Exercise requirements: What is needed is an exact reproduction of the lines from the one that contains "Versace-بوت واقي من" through the end of the data, both included and nothing else, with pictures omitted.

Saved data entries:
....

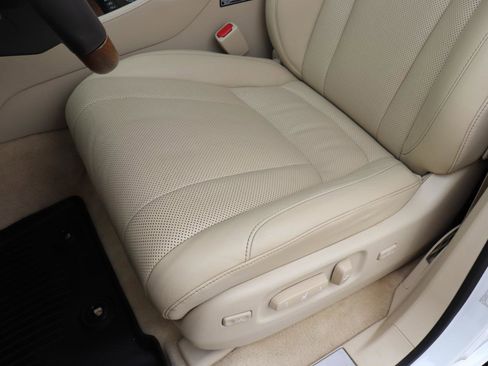 Used 2016 Lexus LX 570 4WD image 56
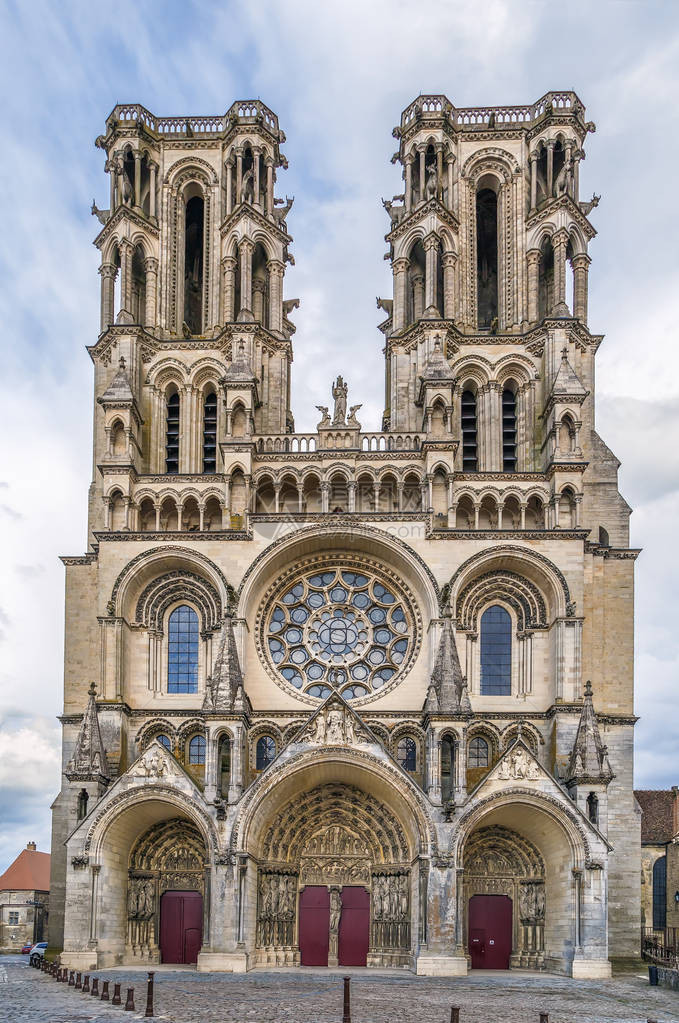 拉昂大教堂是位于法国皮卡第拉昂的12世纪和13世纪哥特式建筑最重要的例图片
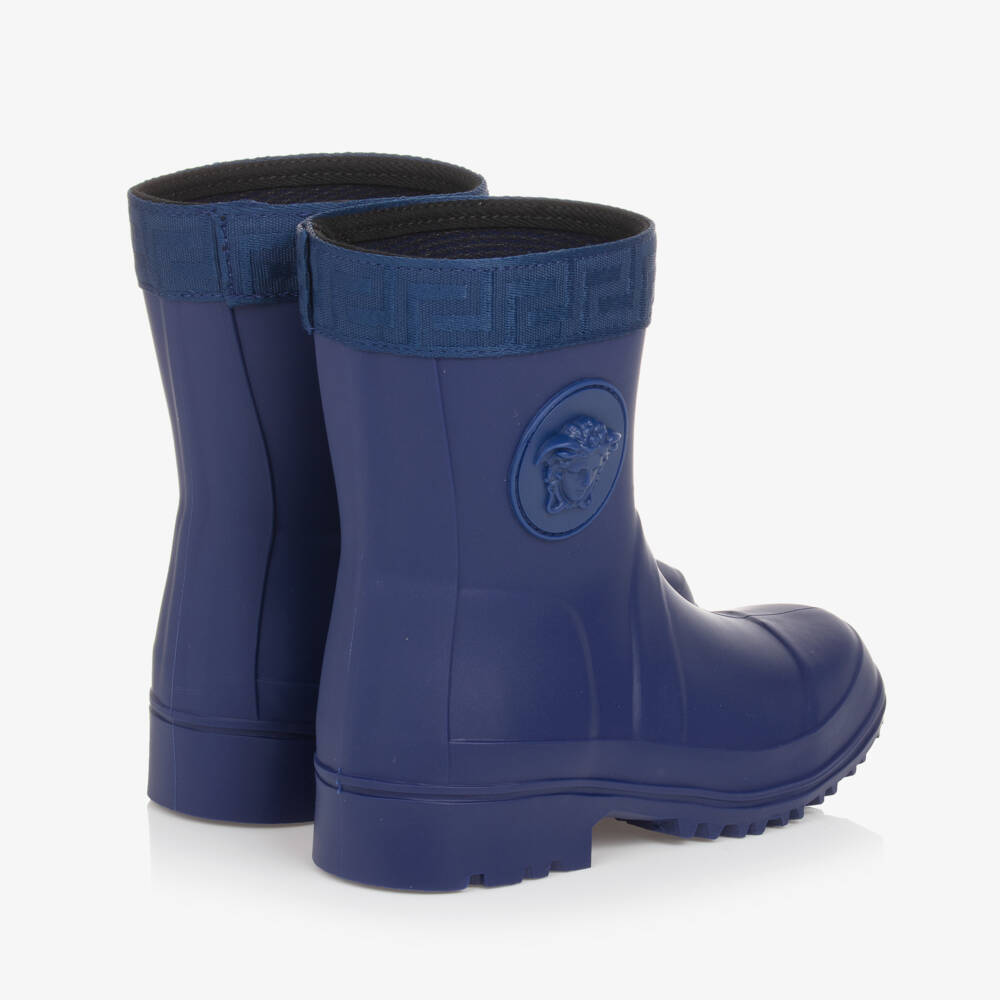 Versace-بوت واقي من المطر بشعار ميدوسا لون أزرق للأولاد | Childrensalon Outlet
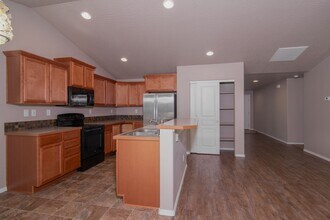 1423 N Rogue River St in Spokane, WA - Building Photo - Building Photo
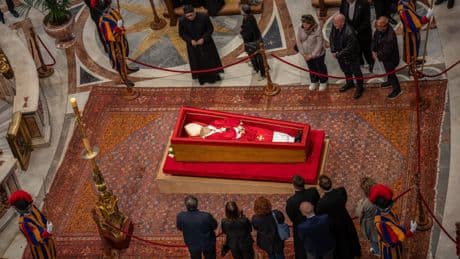 Nachfolge vom Papst | Es kann mehr als einen geben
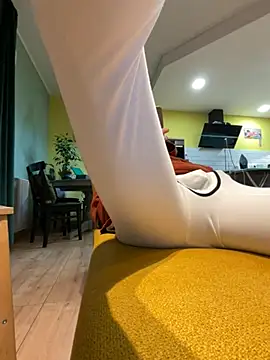 smint06 online show from October 30, 2025, 4:26 pm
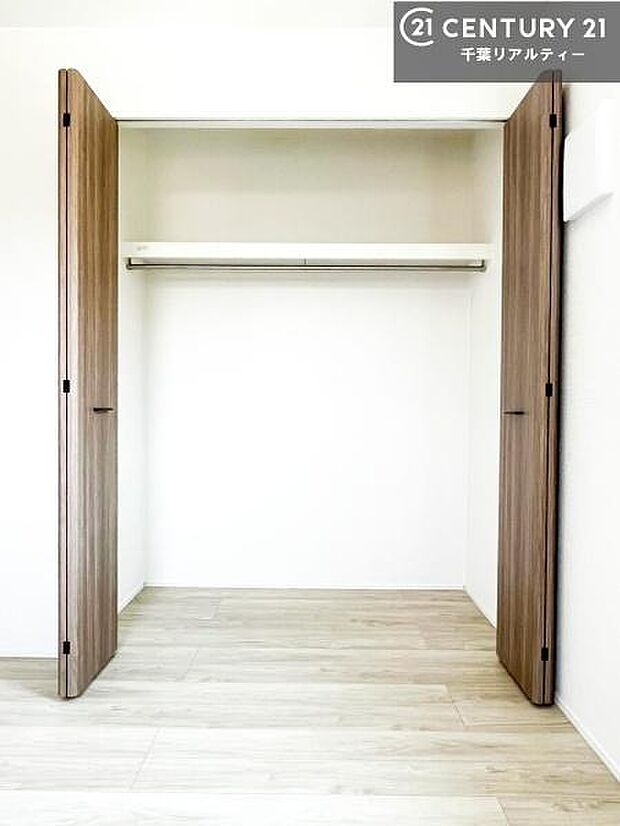 収納が充実しているからこそ、お部屋はいつも広々。掃除や片付けもラクになり、居心地の良い暮らしが続きます。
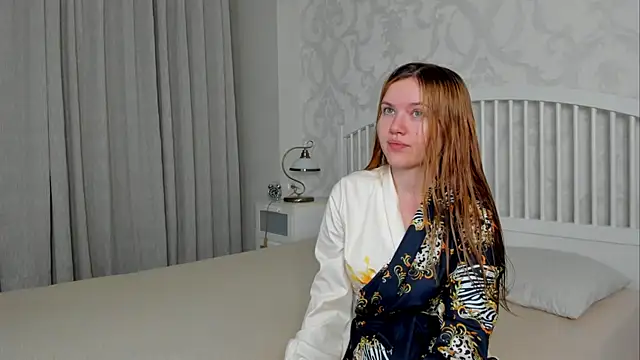 Eva  Lewis online show from 06.02.26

....

Reply to the exercise:
 Versace-بوت واقي من المطر بشعار ميدوسا لون أزرق للأولاد | Childrensalon Outlet
 1423 N Rogue River St in Spokane, WA - Building Photo - Building Photo
 Nachfolge vom Papst | Es kann mehr als einen geben
 smint06 online show from October 30, 2025, 4:26 pm
 収納が充実しているからこそ、お部屋はいつも広々。掃除や片付けもラクになり、居心地の良い暮らしが続きます。
 Eva  Lewis online show from 06.02.26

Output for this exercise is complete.